Avec mon annexe -cette partie de moi-même qui se détache, cet ersatz de plastique gonflable qui sert aussi d’embarcation- j’ai porté mon équipage dans des îlots isolés, je les ai laissé admirer les colonnes de corail sous l’eau, paresser sur la plage de sable rose et gouter la compagnie du pasteur baptiste et de sa femme qui vivent sur un îlot à l’écart du village. Ils essayent de « lutter contre la jungle des îles »ai-je entendu -amarré à un cocotier, je les voyais discuter et je notais tout- en vivant dans de petites maisons anachroniques faites de tôles et de bois de Ponphei, ils essayent surtout de lutter contre la jungle des âmes, et là le travail est incommensurable, il ne s’agit plus d’édifier des petites maisons proprettes nettoyées à force de serviettes désinfectantes mais d’explorer la jungle des âmes, nettoyer, déboiser, enlever la chienlit qui repousse sans cesse, planter de nouvelles pousses importées et les acclimater, les faire se courber sous la main toute puissante; dans ce pays d’eau et de soleil, où chaque plante pousse selon sa propre nature, la tache est ardue.

 

En parlant de maîtres, je ne sais pas si c’est mon équipage les maîtres ou si c’est moi le maître, étant donné que le seul maître à bord est le vent.

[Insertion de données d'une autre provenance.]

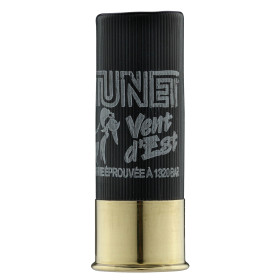 Cartouches TUNET, BLACK TEMPEST 32g acier 12/70 Hautes Performances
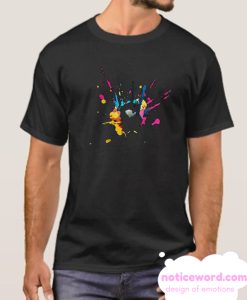 Splash the Colour smooth T Shirt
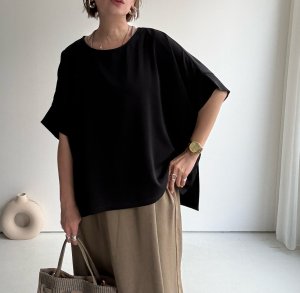 画像3: ●ご予約5倍ポイント対象●生産枠限り●【3/7 LIVEアイテム】●大人シンプル万能トップス◎（メーカー確認後確保）（予約/5月）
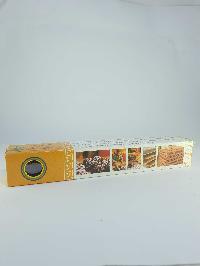 Bhutanese Herbal Buddhist Incense [orange]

Parfois paresseux j’aime me laisser appesantir dans les vagues molles quand le vent est absent, lorsqu’il est furibond, je fais le gros dos, je me laisse pousser, la voilure réduite, j’avance à contre-cœur, essayant de lutter avec le vent; je l’aime bien lui, pourtant, quand royal, il gonfle mes voiles et c’est un jeu de me laisser aller à la vitesse, je glisse, surpuissant, dans toute ma splendeur, toutes voiles dehors, j’atteins la perfection du mouvement.

Un jour gris, nous sommes partis de l’île, nous avons laissé les habitants de Nukuoro, peut-être pensent-ils encore à mes coques jaunes et à mes trois moussaillonnes à la blondeur si étrange, nous avons laissé l’avion du soldat japonais sous les eaux de Nukuoro, peut-être que son pilote revenu dans son pays pense encore à Nukuoro, les hommes s’aiment et se font la guerre, et moi, je vogue sur les océans, au gré de mon maître, le vent.